TLDNR – too long, did not read.

It’s the kind of comment you might expect to hear in an online forum, not from a senior news executive at the nation’s largest newspaper.

And certainly not in the context where it was used by a colleague in front of former New Zealand Herald feature writer Chris Barton.

That snide comment tells you the real trouble with journalism – the people running the industry simply don’t get it.

There’s a lot they just don’t get.

Depth and prestige

For the best part of a decade Barton worked on the kind of long-form, in-depth feature stories which win prizes and readers for newspapers. They add depth to the paper and prestige to the masthead.

Perhaps they weren’t read by everyone. But many readers would buy the Weekend Herald especially to get the more expansive, intelligent features.

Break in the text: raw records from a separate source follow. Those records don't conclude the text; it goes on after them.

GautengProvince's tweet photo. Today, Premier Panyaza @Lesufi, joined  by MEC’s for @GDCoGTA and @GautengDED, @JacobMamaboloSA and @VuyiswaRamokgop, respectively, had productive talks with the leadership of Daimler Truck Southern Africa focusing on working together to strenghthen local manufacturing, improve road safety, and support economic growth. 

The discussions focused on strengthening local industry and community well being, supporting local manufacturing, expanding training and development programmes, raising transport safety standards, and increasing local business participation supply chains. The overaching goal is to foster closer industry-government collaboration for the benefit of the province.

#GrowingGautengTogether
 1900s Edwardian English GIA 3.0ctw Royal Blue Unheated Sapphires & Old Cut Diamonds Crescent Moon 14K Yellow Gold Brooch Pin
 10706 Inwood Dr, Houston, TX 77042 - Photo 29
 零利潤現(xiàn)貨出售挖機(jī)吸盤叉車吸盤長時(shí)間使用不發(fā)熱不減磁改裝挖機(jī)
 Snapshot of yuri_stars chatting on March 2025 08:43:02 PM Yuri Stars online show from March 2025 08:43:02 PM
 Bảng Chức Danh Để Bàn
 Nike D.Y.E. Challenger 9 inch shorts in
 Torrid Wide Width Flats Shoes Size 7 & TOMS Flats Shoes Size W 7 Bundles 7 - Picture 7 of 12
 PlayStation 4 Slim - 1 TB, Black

By the time Barton left the Herald last year, the feature department was effectively finished. In-depth features are no longer part of the paper’s mix.

Read on

And anyway, Too long, didn’t read is nonsense. People do read long form stories. They read them online and they continue to read them in magazines.

They read even longer stories.

There’s a special name we give to those even longer stories, we call them books. They can be printed, although increasingly books are digital.

The Scoop Foundation Journalism

Barton was speaking at a session run by The Scoop Foundation. It’s a public interest journalism organisation set up by Alison McCulloch and Alistair Thompson to fund journalism projects.

Also at the presentation was The Science Media Centre’s Peter Griffin.

He talked of his experiences looking at how similar organisations in the USA have stepped into to cover some of the issues journalists might have covered for large newspapers. He says there’s potential to raise money in New Zealand from philanthropic trusts.